Looking forward to pictures of the two cuties!


----------



## nancybird (Jan 30, 2011)

That is so sweet.


----------



## DeeDee's Mom (Dec 17, 2011)

A match made in Pidgie Heaven, no doubt! Fated to be. She just has to teach Podgy what to do!


----------



## nancybird (Jan 30, 2011)

Podgy will learn what to do in time.


----------



## Podgy's Mum (Nov 21, 2010)

Just an update for those interested in the Podgy & Penny Perfect Match Game Show - NOT! LOL 

Penny is so funny & very persistent! She still tries it on when Podgy does his little 'mating dance' to anything pink - seriously, he is pink mad!

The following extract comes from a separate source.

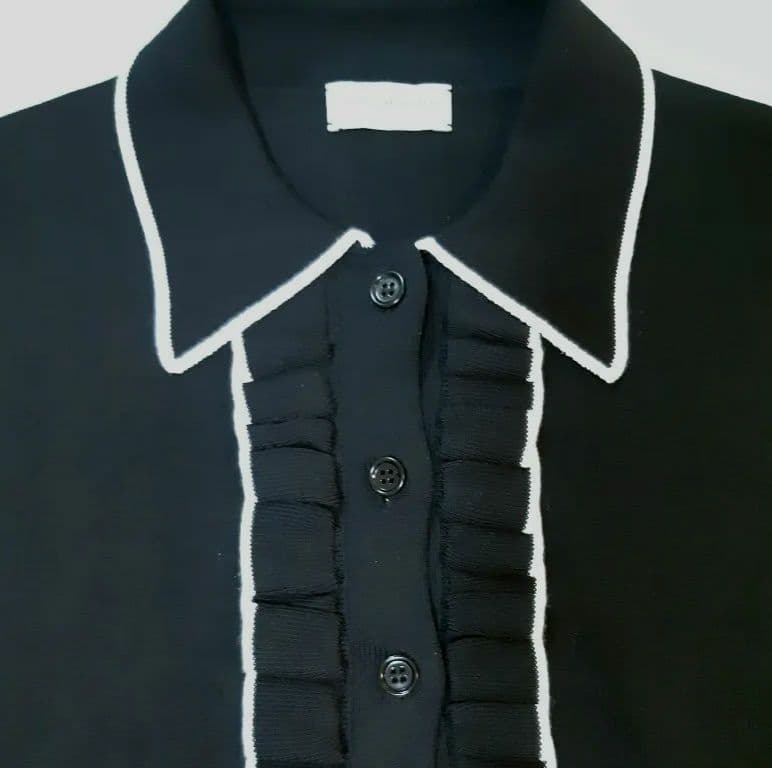 新品未使用★ドリスヴァンノッテン　ニットポロ　DRIES VAN NOTEN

She hops & wing drags, crouches down & waits patiently for him to notice - but to no avail. He just isn't interested in her.  

In the meantime, she has completely made herself at home, preferring inside the house to outside. She has learned which cage is hers - but still likes to go inside Podgy's when he isn't looking & her favourite perch is on top of the bookcases - preferably Podgys bookcase, but will go to the other one & settle if he chases her away, which he often does. 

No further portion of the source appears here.